With production of 1.58 million barrels in 2006, Yuengling is the nation's top regional brewer, according to Eric Shepard at Beer Marketer's Insights.

Grace said the union had had a good relationship with Yuengling until a few years ago, when the labor board awarded back pay to several employees who Grace said had been laid off without regard to seniority. That, he said, prompted the owner in early 2006 to give the workers an ultimatum to get rid of the union. The union represented nearly 80 employees in the brewhouse, the bottling shop and the warehouse. In all, the company has about 200 employees.

"If he doesn't want union people, then I would say union people shouldn't drink his beer," said Patrick Eiding, president of the Philadelphia council of the AFL-CIO.

When the union took its allegations to the NLRB's Philadelphia office, Grace said, no one would testify against Yuengling.

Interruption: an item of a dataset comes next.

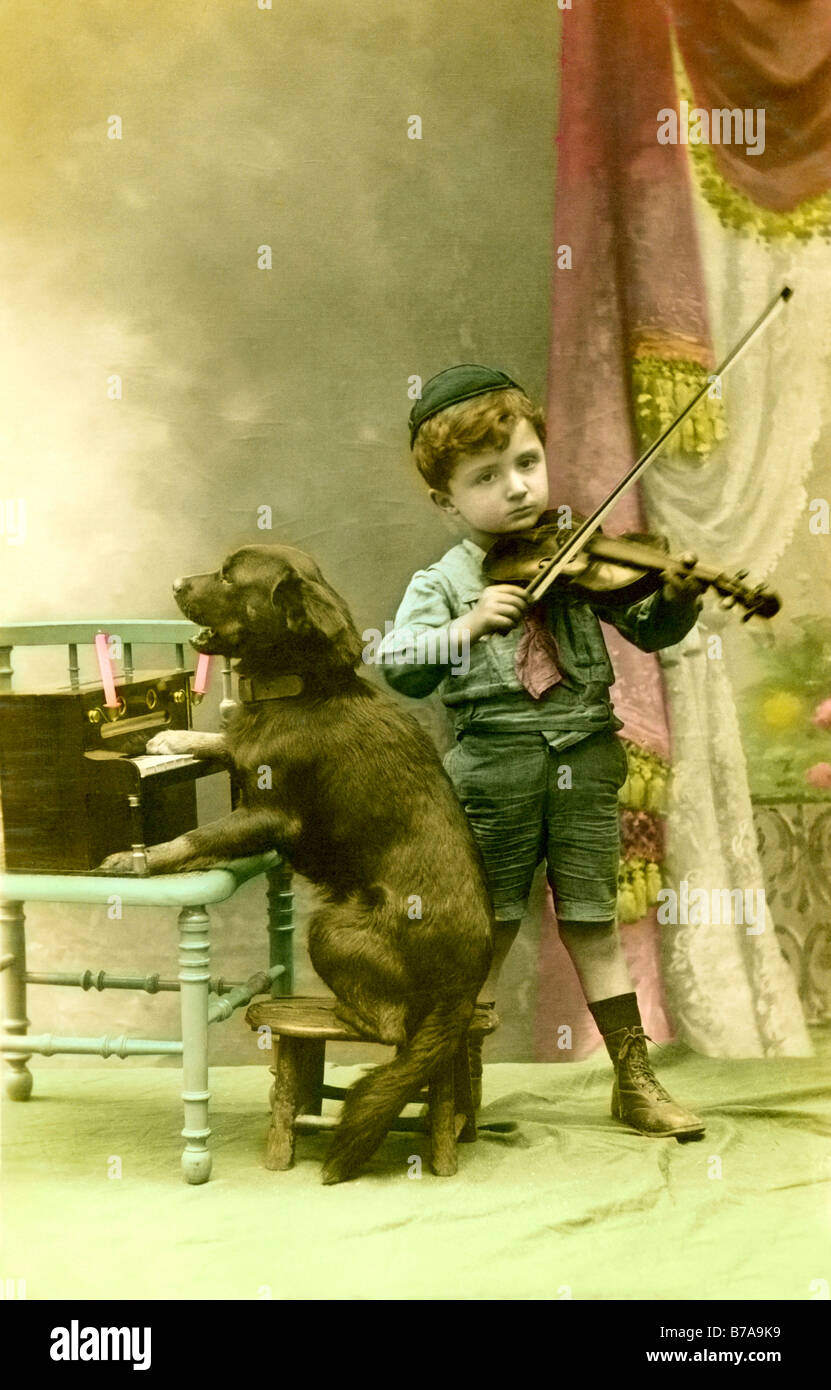 Foto storiche, ragazzo con cane la riproduzione di musica, presa attorno al 1915 Foto Stock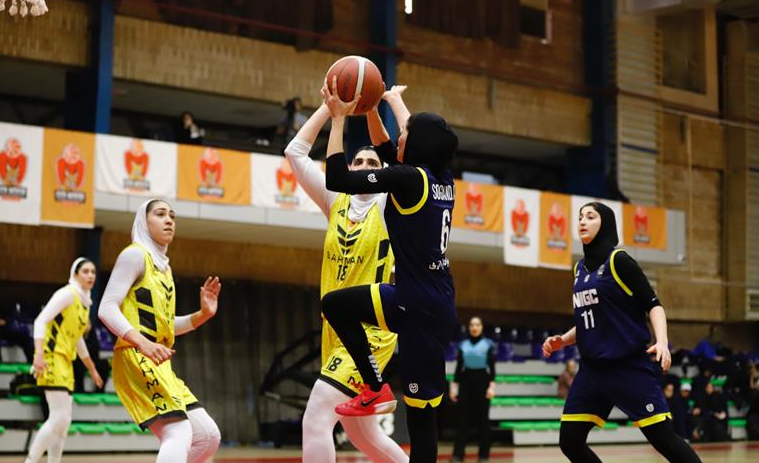 گروه بهمن و استقلال راهی مرحله نیمه نهایی شدند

Instead, workers told board investigators that Dick Yuengling had given them a "pep talk" about the company's future "and the need for employees to work harder," said Dorothy Moore-Duncan, an NLRB regional director.

At the Brass Tap Tavern a few blocks from the brewery, patrons had mixed feelings about the union's boycott call.

Don Long, 31, a municipal worker who plans to join a union next month, said he sympathized with the workers.

Yuengling's owner "doesn't care for his workers. He just cares about how much money he can make," said Long, who said he would observe the boycott.

But Barry Sponsler, 49, a software developer, said he would continue drinking Yuengling.

"There's not a lot of jobs around here, and they provide a lot of employment," he said of the company. "If the union gets decertified, it's because they're not adding value."

The Dispute   

The union side: Teamsters say the owner of D.G. Yuengling & Son threatened to close the brewery unless workers decertified the union.

The company side: Yuengling says the workers voted out the union on their own.

The ruling: The National Labor Relations Board sided with the company, saying there was no evidence of pressure on the workers.

The boycott: The Teamsters want members to boycott Yuengling products. The boycott has not appeared successful so far.